Reading group

The Anglo-Russian Research Network autumn reading group


The Anglo-Russian Research Network will be holding its autumn reading group at 5:30 on Friday 27 November at Pushkin House, Bloomsbury. We will be discussing Russian and British diplomacy in the nineteenth century, led by the historian Barbara Emerson. The readings can be downloaded from the link below.

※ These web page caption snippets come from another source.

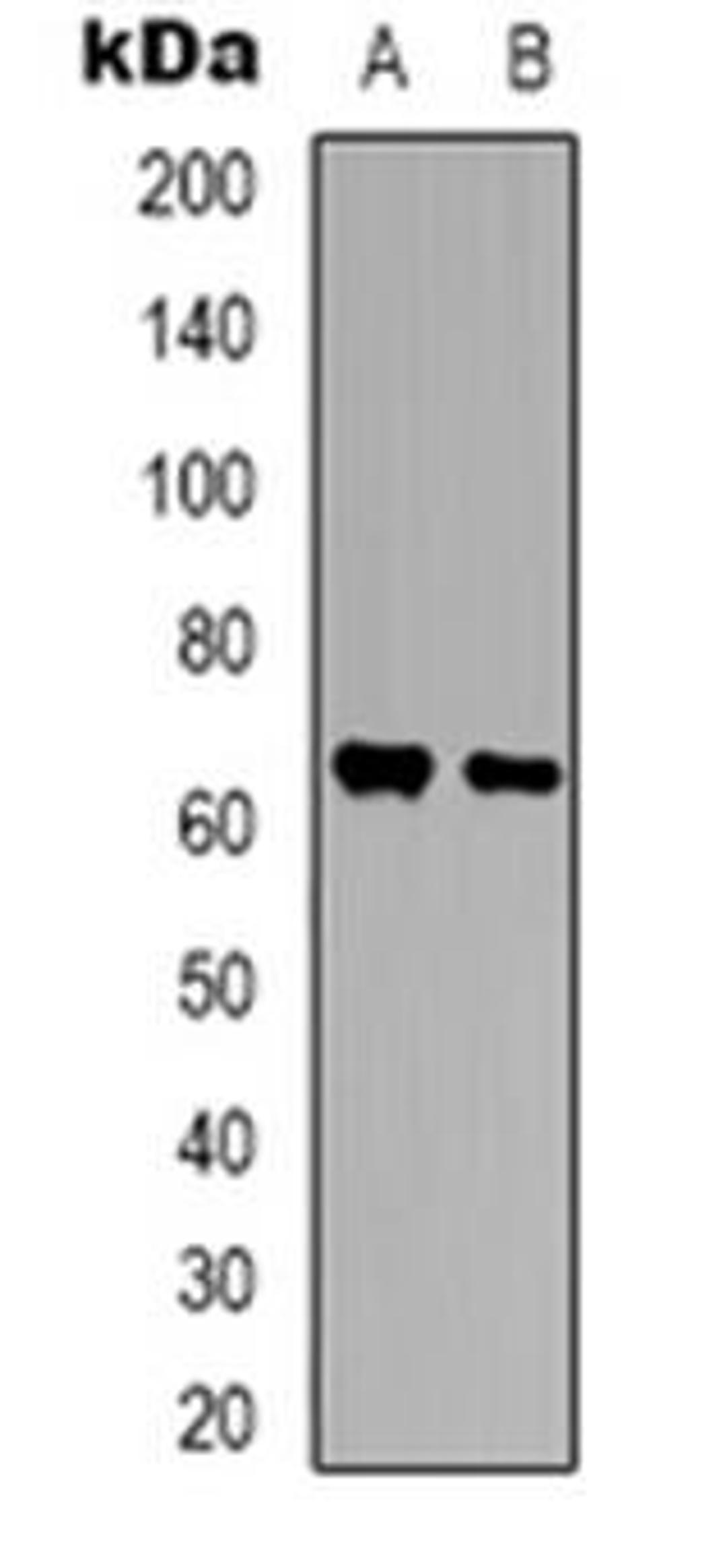 Western blot analysis of BEGAIN expression in Hela (Lane 1), SHSY5Y (Lane 2) whole cell lysates using BEGAIN antibody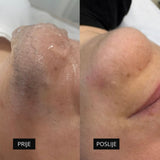 Diodni laser TrisCAM - najam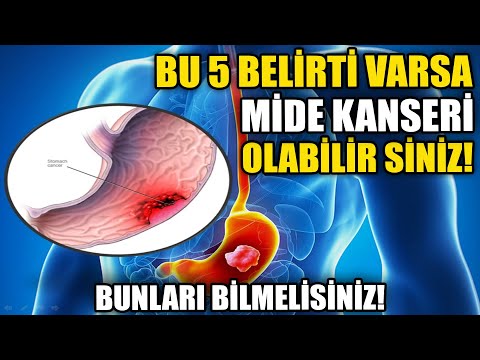 Bu Belirtiler Varsa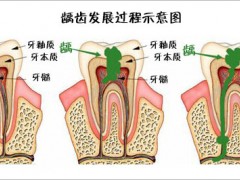 深圳儿童补牙洞哪个医院好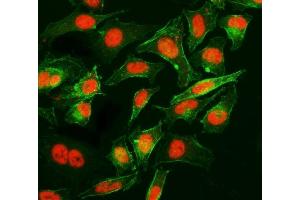 IF analysis of Cyclophilin E/PPIE using anti-Cyclophilin E/PPIE antibody (ABIN7599242). (PPIE 抗体  (AA 1-301))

British historians of Anglo-Russian relations in the nineteenth century have portrayed Britain as a peace-loving empire, concerned only to protect her overseas possessions, in particular India, and her highly- successful trade. However, what emerges clearly from the dispatches and private letters in the Russian archives is that Britain was seen as a dangerous expansionist power bent on countering Russian power in Europe and preventing Russia from establishing herself in Central Asia on a footing comparable with that of Britain in India. No bones were made about the aim to dismember the Ottoman Empire. Successive Russian ambassadors in London, who remained en poste for long periods of time, were on good terms with the British establishment, but even they did not understand the liberalism that underpinned British foreign policy in the 19th century. The Polish revolution of 1830, brutally put down by Russia, marked the turning point after the relatively civil relations that followed the Napoleonic Wars. The two countries were then constantly at loggerheads. They were only once at war, the Crimean War, but were several times on the brink of hostilities over Central Asia, the Great Game, and Russia’s aim to capture Constantinople. Although Britain’s relations with the other European powers fluctuated, deep-seated mistrust of Russia and her ambitions, Russophobia, became ingrained in British foreign policy and in the mind of the general public. Anglophobia dominated the thinking of policy makers in St. Petersburg. A political psychosis developed that blinkered both Britain and Russia in their relations with each other. When, early in the twentieth century, they came to see that they had each more to fear from Germany than from each other major differences were resolved in the Anglo-Russian Convention of 1907.

Barbara Emerson read Politics, Philosophy and Economics at St. Hilda’s College Oxford, and is the author of several books on nineteenth-century diplomatic history, including a biography of Léopold II. She has just completed a book about Anglo-Russian diplomatic relations during the nineteenth century.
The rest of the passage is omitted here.